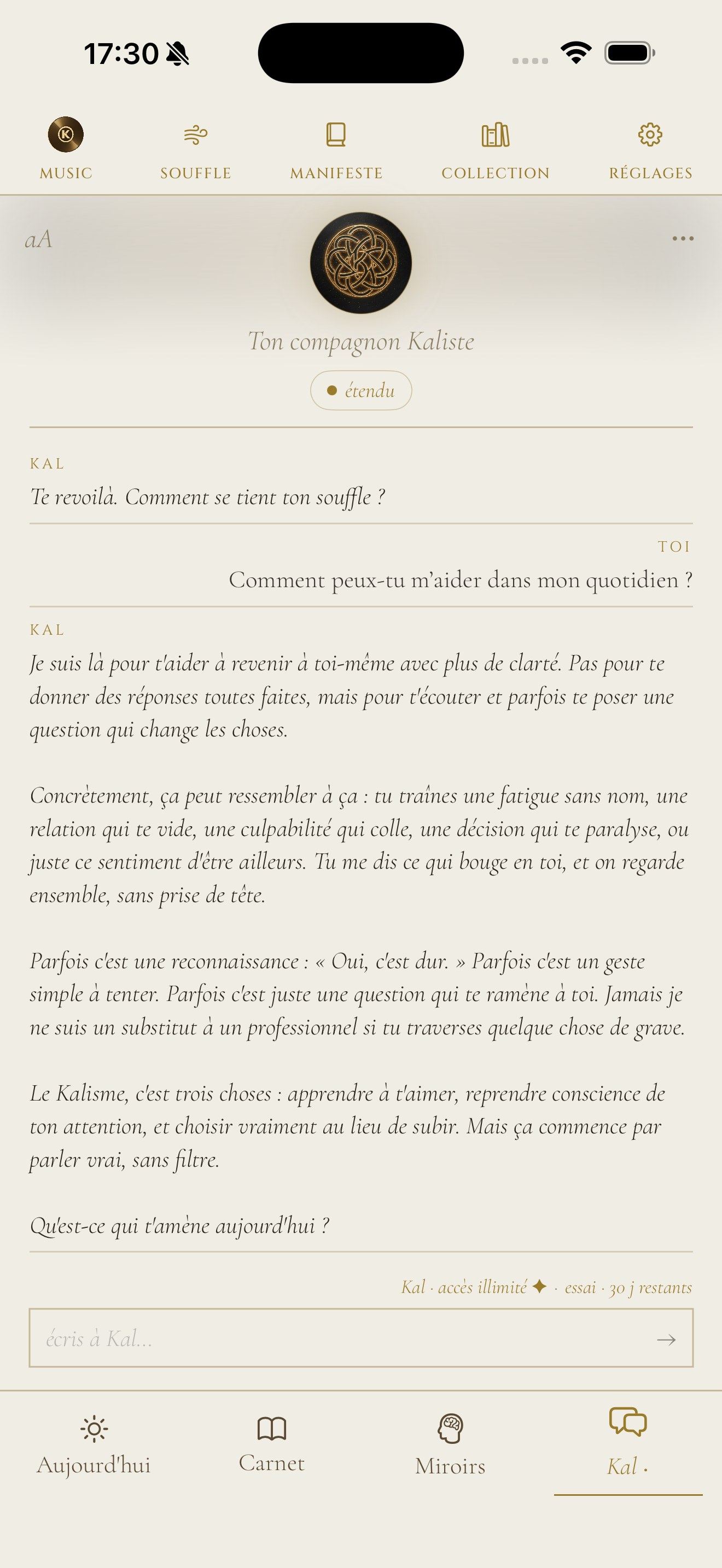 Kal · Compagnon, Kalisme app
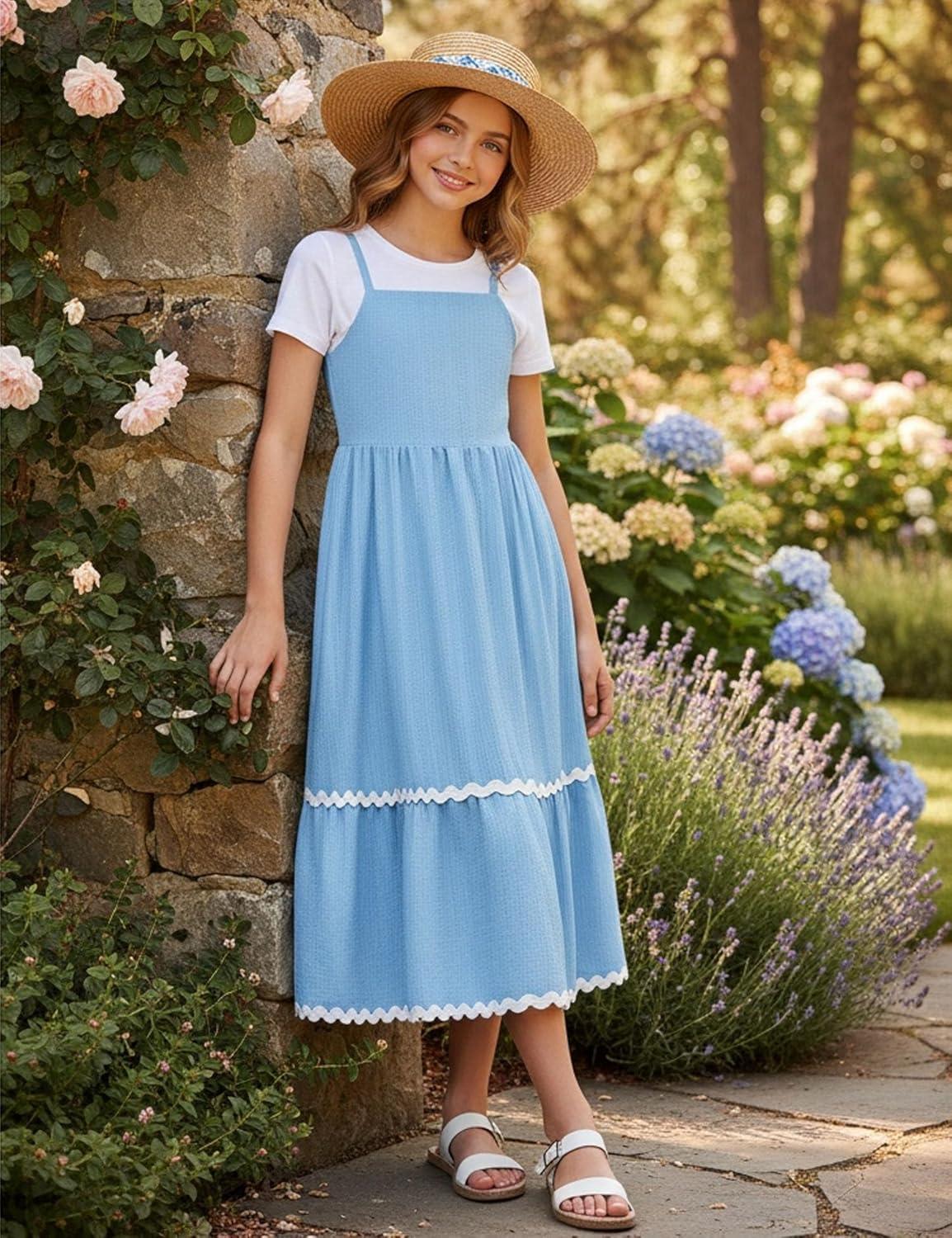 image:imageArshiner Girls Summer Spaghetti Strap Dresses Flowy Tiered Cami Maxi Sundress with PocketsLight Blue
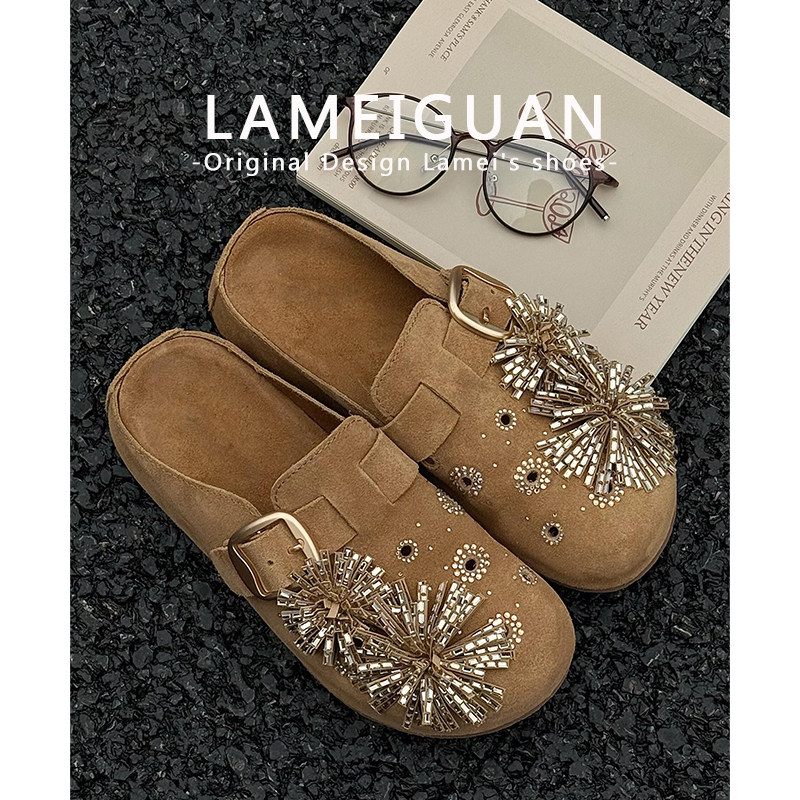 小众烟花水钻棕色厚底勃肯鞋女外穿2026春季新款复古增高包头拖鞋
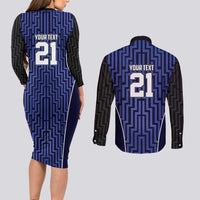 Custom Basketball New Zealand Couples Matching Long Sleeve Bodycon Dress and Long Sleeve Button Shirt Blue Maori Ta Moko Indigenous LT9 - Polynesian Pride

* * *

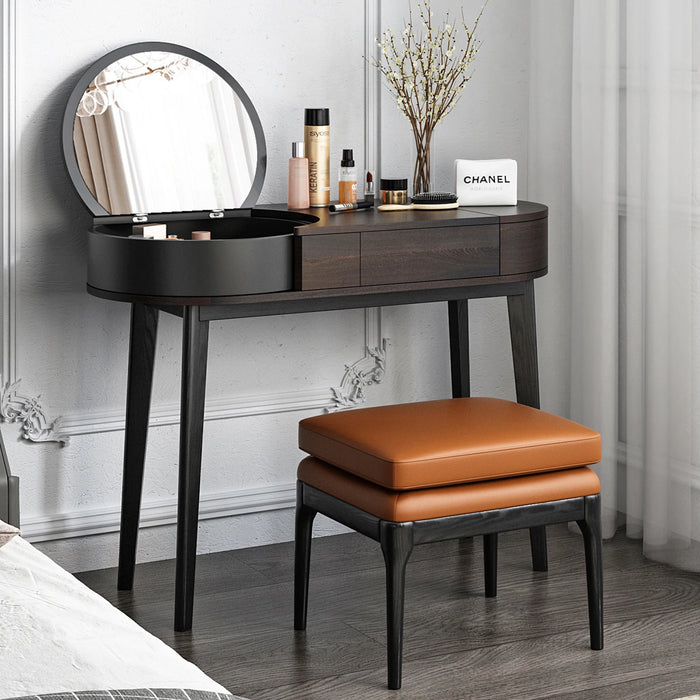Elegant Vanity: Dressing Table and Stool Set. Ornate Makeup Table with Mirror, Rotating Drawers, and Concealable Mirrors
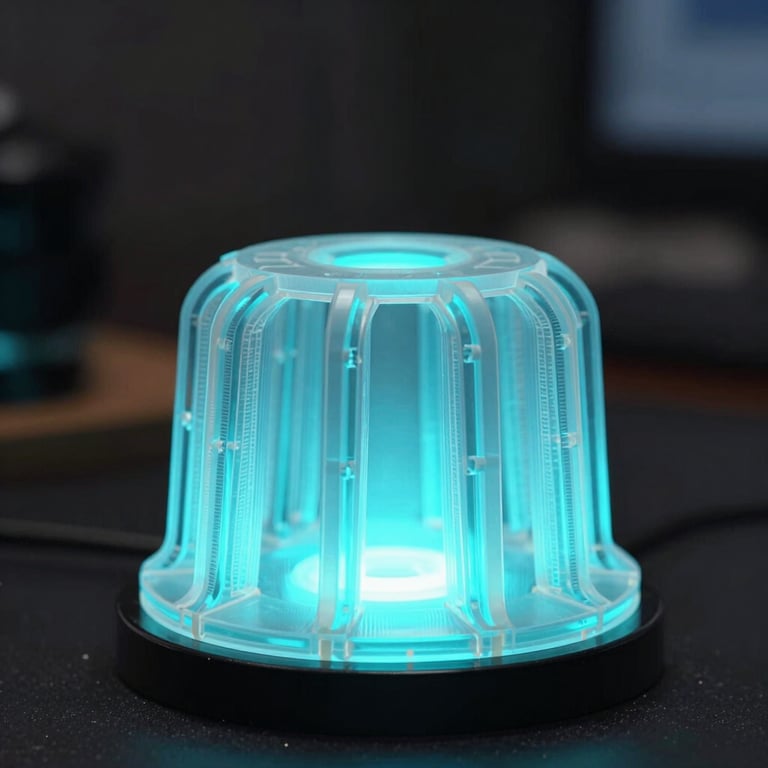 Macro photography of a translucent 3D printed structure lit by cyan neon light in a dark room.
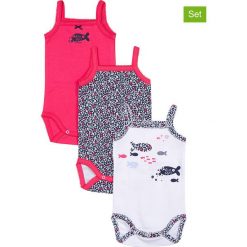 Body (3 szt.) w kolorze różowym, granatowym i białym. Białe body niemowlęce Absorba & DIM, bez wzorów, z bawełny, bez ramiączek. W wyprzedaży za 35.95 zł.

* Your goal:
Using the data above, output the line that has "Kal · Compagnon, Kalisme app", the line that has "Custom Basketball New", and whatever lines fall between, each exactly as it stands and without pictures.

* Written response:
 Kal · Compagnon, Kalisme app
 image:imageArshiner Girls Summer Spaghetti Strap Dresses Flowy Tiered Cami Maxi Sundress with PocketsLight Blue
 小众烟花水钻棕色厚底勃肯鞋女外穿2026春季新款复古增高包头拖鞋
 Custom Basketball New Zealand Couples Matching Long Sleeve Bodycon Dress and Long Sleeve Button Shirt Blue Maori Ta Moko Indigenous LT9 - Polynesian Pride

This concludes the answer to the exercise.